(Beginning of SOURCE INFORMATION)

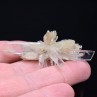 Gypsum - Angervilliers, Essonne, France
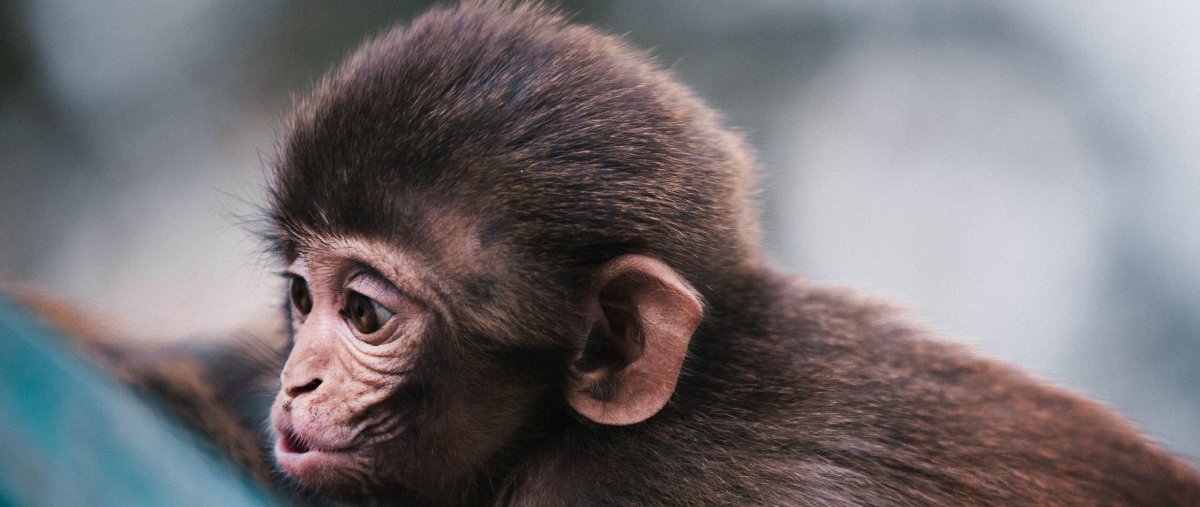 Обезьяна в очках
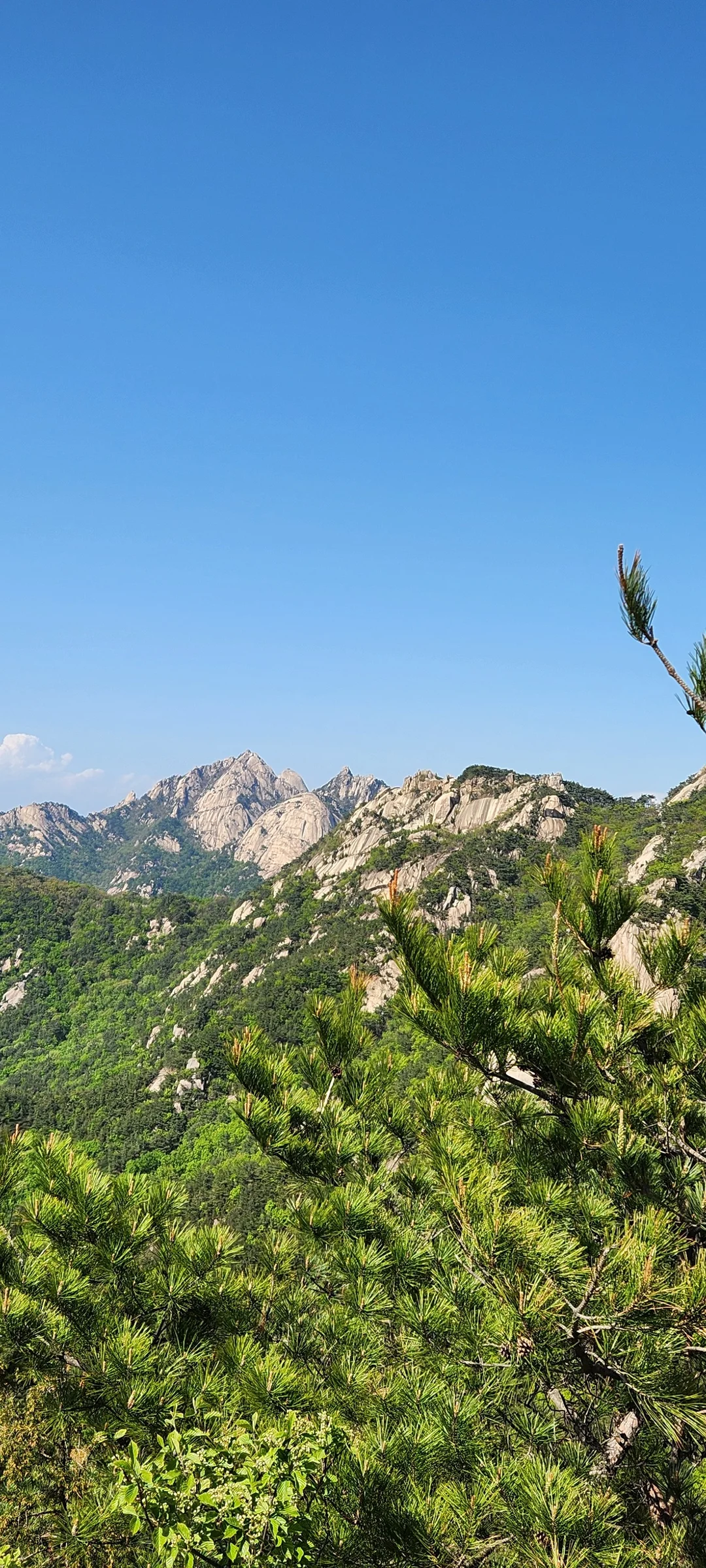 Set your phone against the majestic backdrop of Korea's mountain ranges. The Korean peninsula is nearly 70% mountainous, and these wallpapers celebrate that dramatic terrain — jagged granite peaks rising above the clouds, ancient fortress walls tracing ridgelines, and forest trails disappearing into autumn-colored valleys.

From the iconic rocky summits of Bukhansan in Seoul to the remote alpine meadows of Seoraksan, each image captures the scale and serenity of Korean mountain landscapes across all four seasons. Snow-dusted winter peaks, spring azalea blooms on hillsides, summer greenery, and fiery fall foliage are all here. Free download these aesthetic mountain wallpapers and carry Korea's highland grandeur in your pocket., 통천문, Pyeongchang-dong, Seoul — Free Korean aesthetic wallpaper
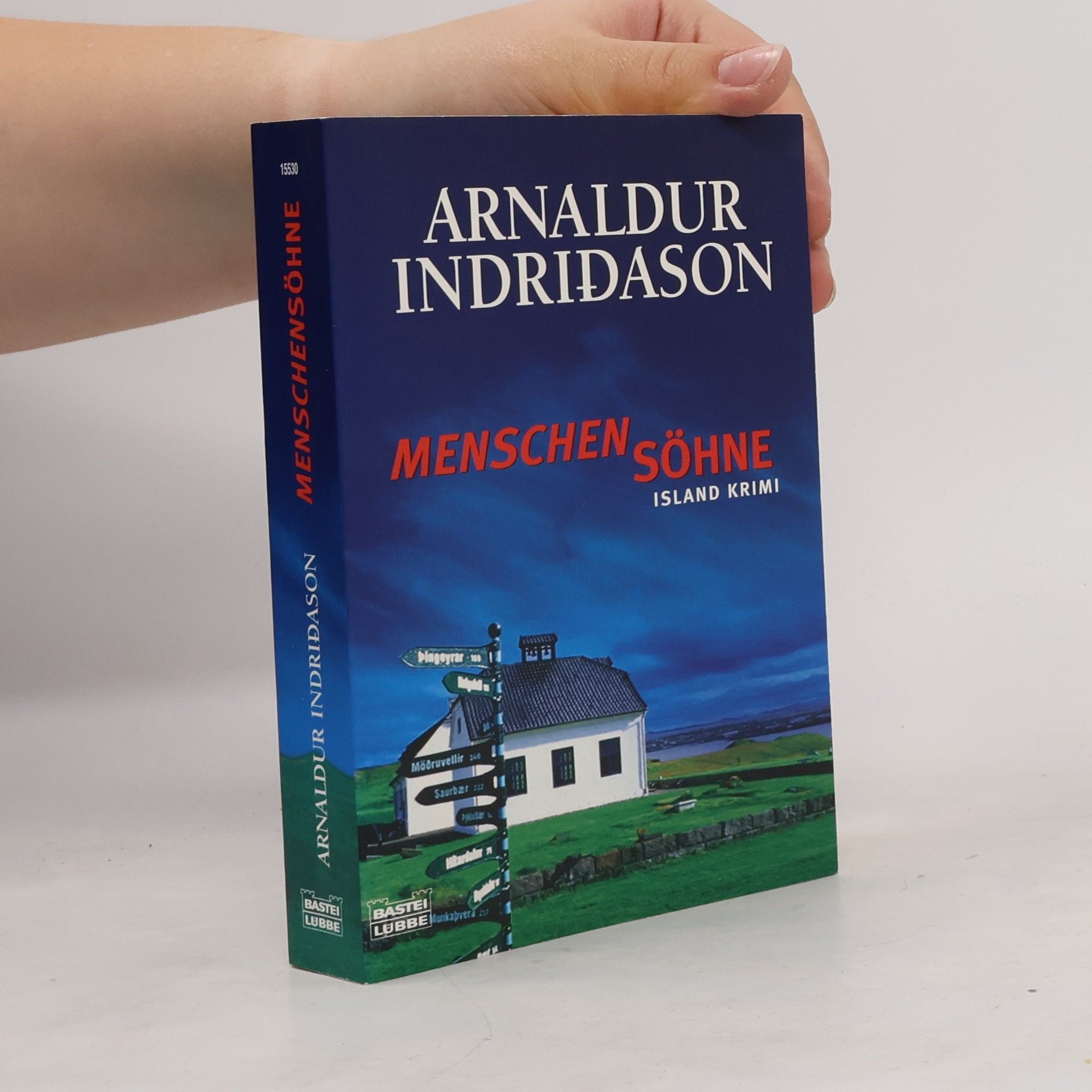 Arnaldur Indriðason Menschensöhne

(End of SOURCE INFORMATION)
(Beginning of SOURCE INFORMATION)

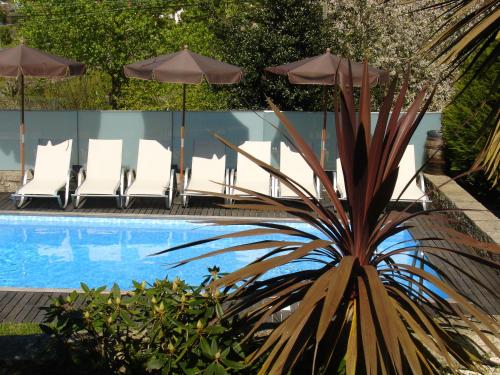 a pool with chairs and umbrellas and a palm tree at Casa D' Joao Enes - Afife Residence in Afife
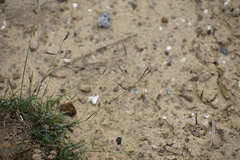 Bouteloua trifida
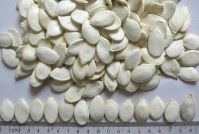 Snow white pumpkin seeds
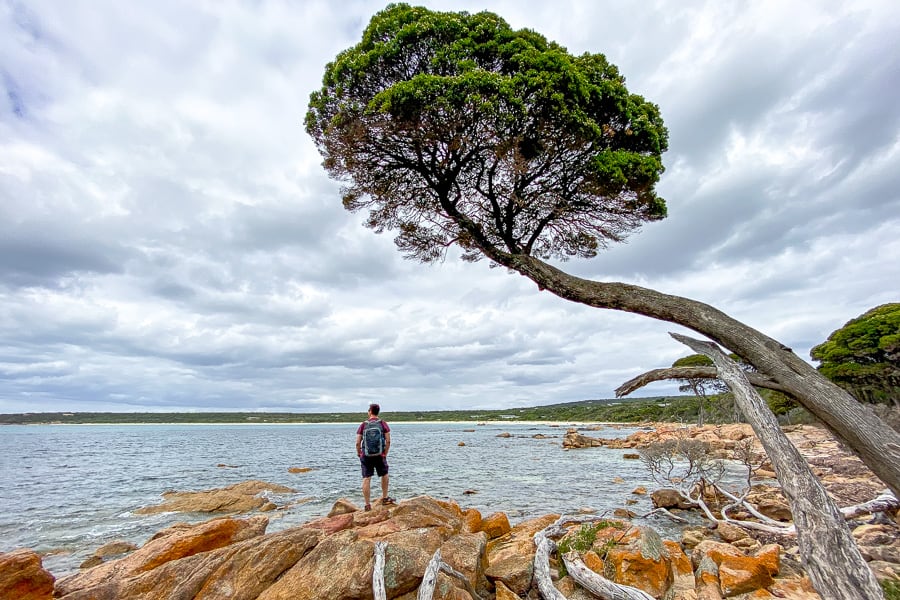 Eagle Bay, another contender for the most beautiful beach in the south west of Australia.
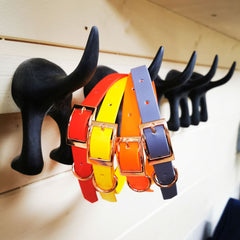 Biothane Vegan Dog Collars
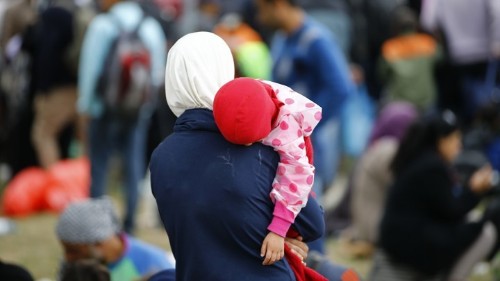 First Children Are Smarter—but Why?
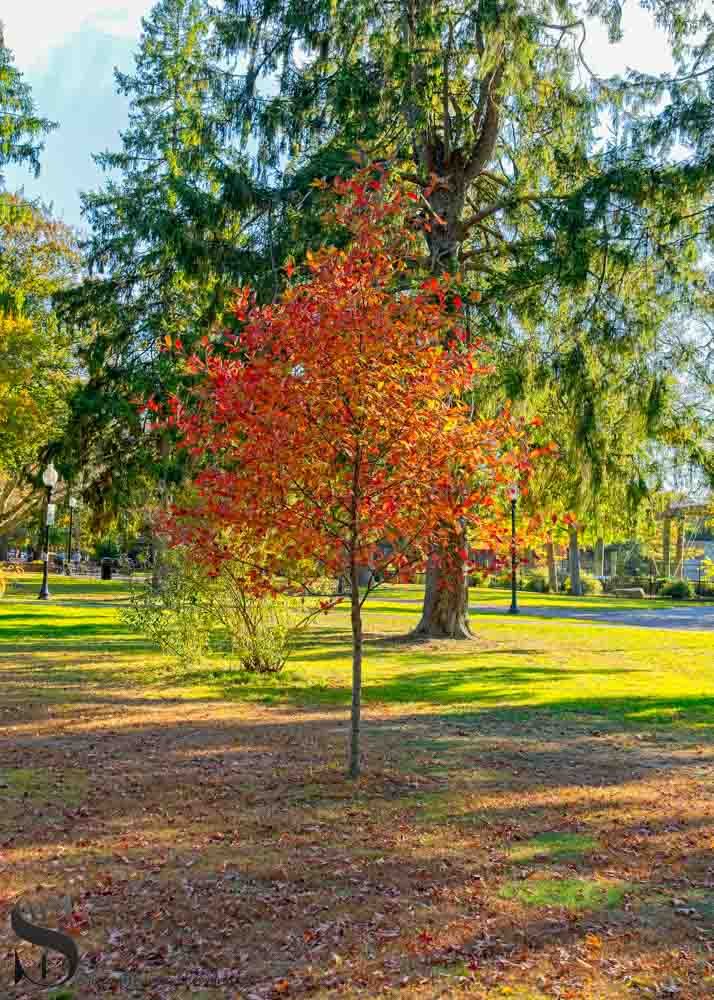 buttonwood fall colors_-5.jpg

(End of SOURCE INFORMATION)
(Beginning of SOURCE INFORMATION)

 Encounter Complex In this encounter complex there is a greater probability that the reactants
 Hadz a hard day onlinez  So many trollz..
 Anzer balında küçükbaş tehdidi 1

(End of SOURCE INFORMATION)

WHAT IS EXPECTED —
In the listing above, find the line containing "Eagle Bay, another" and the line containing "buttonwood fall colors_-5.jpg", then output those two lines and everything between them exactly as written, without the images.

OUTPUT OF THE TASK —
 Eagle Bay, another contender for the most beautiful beach in the south west of Australia.
 Biothane Vegan Dog Collars
 First Children Are Smarter—but Why?
 buttonwood fall colors_-5.jpg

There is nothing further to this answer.